One person was killed in the attack in the southern Odessa region. The Ukrainian Red Cross said its warehouse was attacked. This was the fourth attack in eight days on Kiev and came just 24 hours before Russia celebrates Victory Day.

Annual holiday commemorating the Soviet Union’s victory over Nazi Germany in World War II, a conflict the Kremlin has unfoundedly tried to draw parallels with since launching its all-out invasion in Ukraine last year.

After Russia’s attacks on civilian targets cooled in recent months, leaving Kiev with days of no attack, Moscow stepped up its air strikes over the past week in the face of a much-anticipated counter-offensive.

Ukraine’s military says the latest Russian attacks which lasted more than 4 hours and were launched shortly after midnight involve Iran-made Shahed suicide drones infiltrate the country.

Kyiv Mayor Vitaliy Klitschko said nearly 60 drones had been launched by Russia, describing it as the “largest” such attack to date.

He added that all 36 drones were destroyed in Kiev, but five people were injured by debris from the downed drone. These numbers cannot be verified

The Kyiv military junta said emergency services responded after a drone crashed on the runway at Zhuliany International Airport, one of the city’s two commercial airports.

The authorities added that civilians were also injured after the drone debris crashed into a residential building in the central district of Shevchenkivskyi.

In another development, in the Black Sea port city of Odessa, a warehouse was set on fire after eight missiles were fired at targets by Russian bombers, Ukrainian officials said. In a statement, the Ukrainian Red Cross said its humanitarian aid depot had been destroyed and all aid deliveries had to be halted.

Natalia Humeniuk, a spokeswoman for Ukraine’s Southern Command, later said the body of a man – a security guard – had been removed from the rubble. In its daily update, the Ukrainian military command said there was also a wave of missile attacks on the Kherson, Kharkiv and Mykolaiv regions.

At least eight people – including a child – were injured in two villages in the southern Kherson region, local officials said.

In Zaporizhzhia, the head of Russian authorities, Vladimir Rogov, said that Russian forces had attacked a warehouse and a position of the Ukrainian army in the small town of Orikhiv.

On the eastern front, the commander of Ukrainian forces in the besieged eastern town of Bakhmut said Russian troops had stepped up shelling, aiming to capture the town ahead of Tuesday’s celebrations.

The Russian army and fighter jets from the Wagner Corporation, a private military company, have been trying to capture Bakhmut for months – despite its questionable strategic value.

Over the weekend, Wagner’s founder, Yevgeny Prigozhin, appeared to back off his threat to pull out of the city after the Defense Ministry in Moscow promised him new weapons. Meanwhile, Ukrainian President Volodymyr Zelensky has announced that May 9 from now on will be celebrated as Europe Day, according to European Union regulations.

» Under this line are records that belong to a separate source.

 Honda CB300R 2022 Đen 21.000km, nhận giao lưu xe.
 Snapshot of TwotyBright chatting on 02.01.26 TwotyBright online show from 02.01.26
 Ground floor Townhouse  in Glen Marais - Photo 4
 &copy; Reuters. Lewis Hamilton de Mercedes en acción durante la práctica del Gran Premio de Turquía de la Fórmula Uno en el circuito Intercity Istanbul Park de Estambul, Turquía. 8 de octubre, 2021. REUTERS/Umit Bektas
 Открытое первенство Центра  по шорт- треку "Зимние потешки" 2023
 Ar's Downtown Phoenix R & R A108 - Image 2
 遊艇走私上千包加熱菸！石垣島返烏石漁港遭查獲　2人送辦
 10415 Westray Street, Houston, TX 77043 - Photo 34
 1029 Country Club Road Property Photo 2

The move – which requires congressional approval – is seen as a sharp rebuke to Russia. Mr Zelensky said he signed a decree that the day would commemorate the unification of Europe and the defeat of “Fascism” – a term that stands for “Russian fascism”.

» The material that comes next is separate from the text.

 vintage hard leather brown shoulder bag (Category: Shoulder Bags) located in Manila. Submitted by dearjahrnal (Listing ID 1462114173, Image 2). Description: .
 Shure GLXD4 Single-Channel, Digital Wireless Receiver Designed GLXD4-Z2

He also said that May 8 will officially be the day to commemorate the victory, as marked in many countries around the world. European Commission President Ursula von der Leyen will meet Zelensky in Kiev on Tuesday.

Meanwhile, as Russia prepares for Tuesday’s Victory Day parade in Moscow’s Red Square, the Kremlin has yet to reveal President Vladimir Putin’s role at the annual event.

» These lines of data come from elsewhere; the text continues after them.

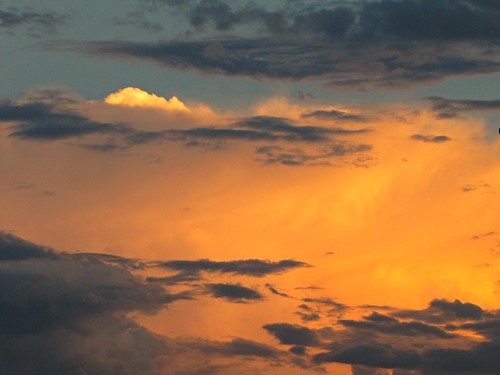 sunset clouds rural colorado dusk montrosecolorado uncompahgreplateau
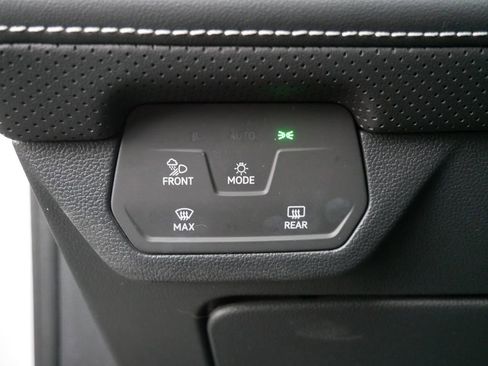 Used 2024 Volkswagen Atlas SEL Premium R-Line AWD/4WD image 18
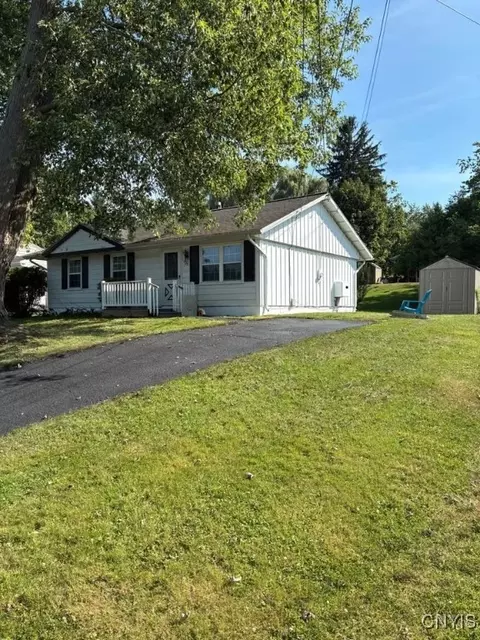 125 Christopher Dr, Van Buren, NY 13027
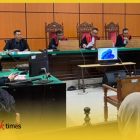 Proses persidangan perdana dugaan korupsi Dana Hibah Mujahidin Kalbar, Selasa (2/6/2026) di Pengadilan Tindak Pidana Korupsi (Tipikor) Pontianak.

Last year, Mr. Putin addressed the military parade and was seen sitting among World War II veterans in the VIP area. Russia said the leaders of Armenia, Azerbaijan, Belarus, Kyrgyzstan, Tajikistan and Uzbekistan – all former Soviet republics – were expected to attend the parade, which has been rejected by major powers around the world including the United Kingdom, the United States and France – all wartime allies of the Soviet Union at that time.

Elsewhere, a court in Berlin banned the wearing of Russian and Soviet flags during rallies at Soviet war memorials in the German capital on May 9.